|
IntroView
Equity markets rebounded, yesterday, and down net-net about 3% for the week. For once, the protests of CEO whose company was under siege and stock price hammered was telling the truth. Societe Generale is alright, the source of the distress, London's Daily Mail, issued a rare apology for not properly sourcing the story. The markets also took solace from apparent by the leaders of France and Germany to work on a broader resolution of the European debt crisis. Long-dated US Treasury bond sold off hard, yesterday, and mid-day auction was poorly subscribed. It may be telling that this did not spook the markets and cause a sell-off. Futures are little changed this morning, and it looks we will finish the week in an orderly fashion.
Petroleum Markets
Oil prices rallied further, yesterday, partly due to an improvement in weekly jobless claims, which finally dipped below 400k. Given the amount of announced layoffs, it is difficult to see this trend continuing. Bank of New York was the latest, yesterday. The fickle equity markets rebounded as concerns over Europe and the health of French banks eased. This rejuvenated energy prices, which have held steady-to-higher during the gyrations of the S&P over the past two sessions. There are some geopolitical rumblings, as well: South Korea fired a shot at North Korea, and government forces in Syria opened fire on a large number of protestors earlier today.

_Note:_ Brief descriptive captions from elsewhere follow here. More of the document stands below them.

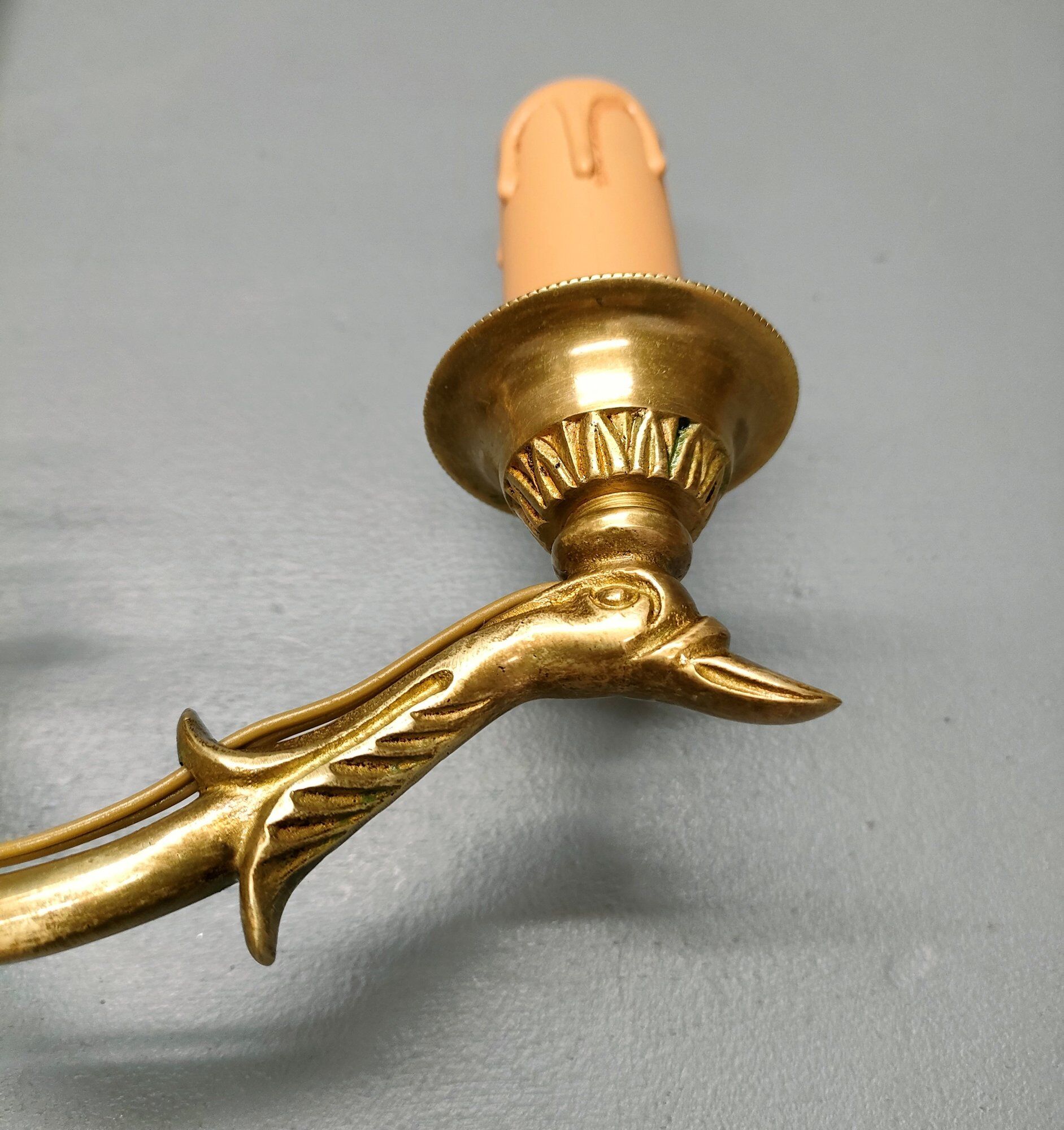 Napoleon III style zoomorphic lamp foot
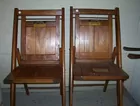 OAK JOHN DEERE CHAIRS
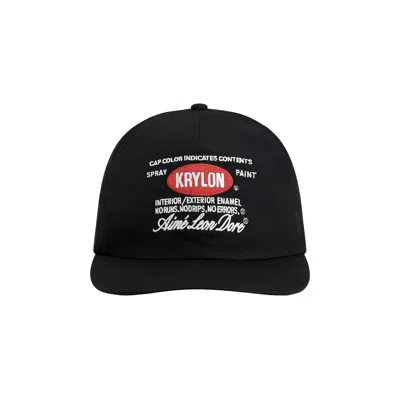 Pre-owned Aimé Leon Dore Krylon Label Hat 'jet Black' | Men's Size Onesize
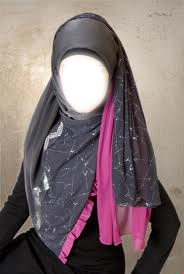 hijab fash フォトモンタージュ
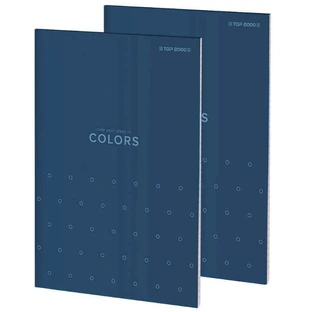 Блокнот Colors A4, квадрат 5 мм, синий, 50 листов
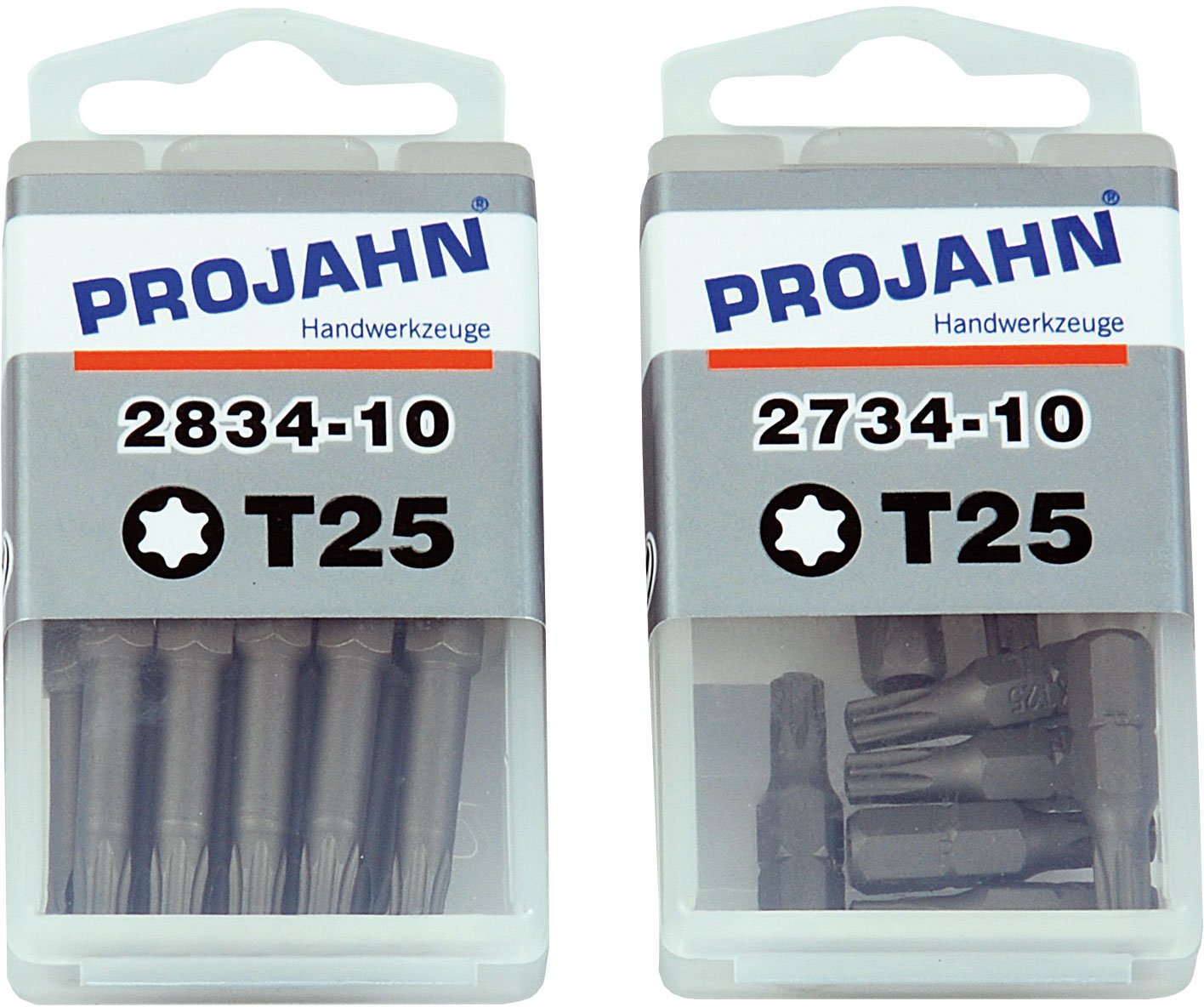 PROJAHN 2733-10 1/4-Inch T20 TX Bit Box - Silver (10-Piece)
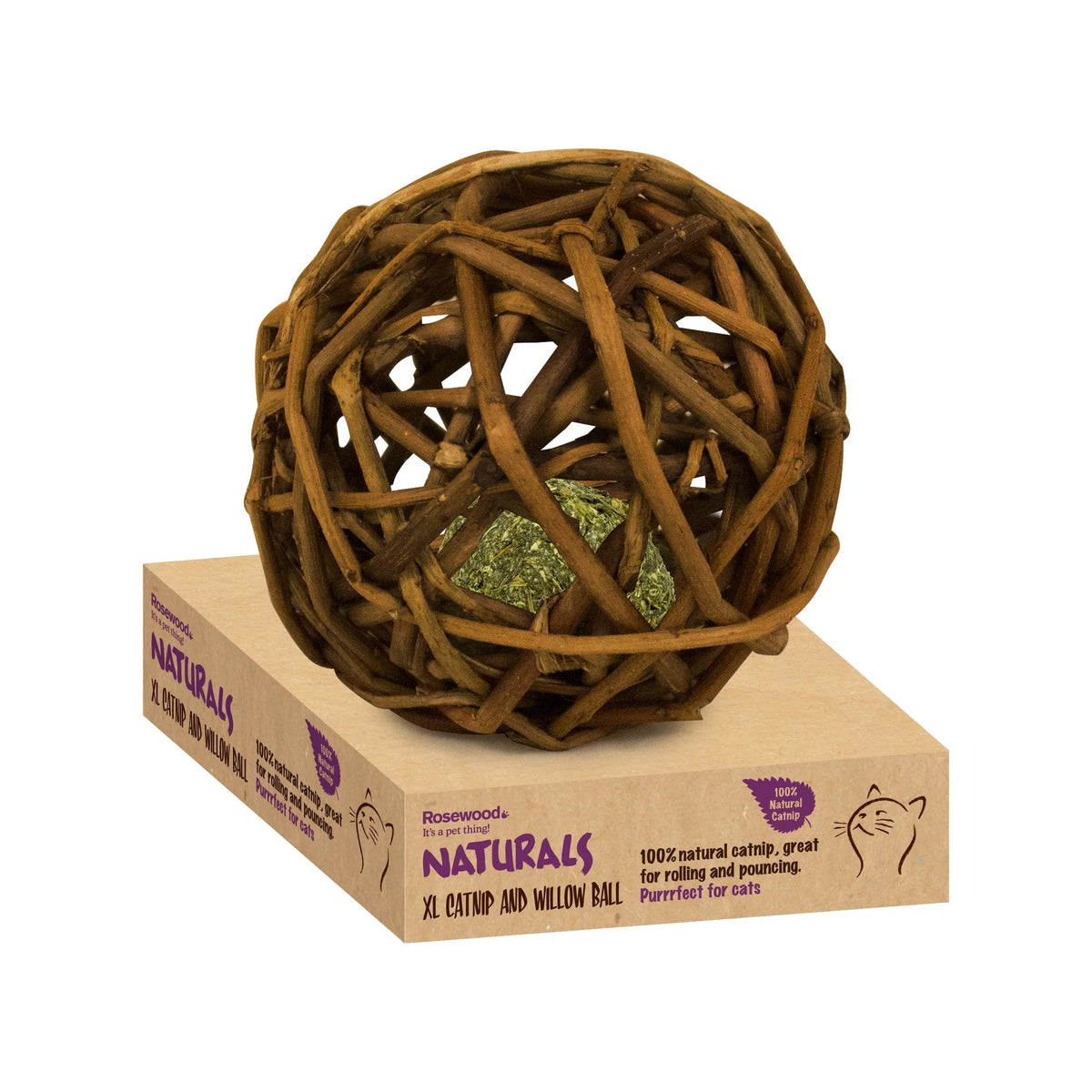 Naturals for Cat Willow & Catnip XXL Ball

We would look for prices to continue to firm for now. Retail sales are expected this morning to be fairly positive, which will likely help add to gains. Having digested the S&P downgrade, the Fed rate decision, the Soc Gen insolvency falsehood, and newly instituted short-selling ban in several European markets, the markets are holding up remarkably well... or not. The US austerity measures will begin to hit. Public sector employment will be especially affected, as a great deal of the stimulus went to directly to States for their budgets. Employment levels and trends are paramount to our analysis. The markets are confused and scared. There is more upside in the short-term for crude oil, but be wary and prepare for another bout of selling.
Petroleum Tech Talk
The death cross has come to the oil price chart. The 50-day moving average has crossed under the 200-day moving average, a bearish formation. Despite this, prices are continuing to rebound from the deep sell-off, giving the spike down to 75.17 an increasing blow-off bottom look. Our initial upside target continues to be 87.62: the 50% retracement from the high on July 26th of 100.62 and the recent low of 75.17. The key upside level to retake is 90.00, which would enable a return to the broader 92-98 range. Prices are now above the 80-84 range, which was the extended zone of congestion from late September to December of 2010. On the downside, $80 continues as a key support level with Monday night's low of 75.17 as representing a critical support point. A break of 75.17 would set us up for move to the 71.30 area.
Natural Gas
Natural gas prices rallied over 10 cents upon release of the weekly inventory report, which showed a paltry injection of 25 bcf versus consensus estimates in the mid-to-upper 30s. The year-on-year deficit is now 7 percent of 197 bcf and 3 percent below the five year average. The heat in the South is keeping local hub prices strong with a fairly wide premium to futures. This may ne the last gasp for the bulls, however, as temperatures moderate. Even the looming bout of above-normal temperatures for the Northeast will not be scorching, as normal daytime highs ratchet down into late August. There continues to be several very early stage tropical formations to monitor, but they cannot be considered any kind of threat at this point. There may be spill over buying from the optimism in the overall markets, but 4.15 and higher looks to be a good sale level.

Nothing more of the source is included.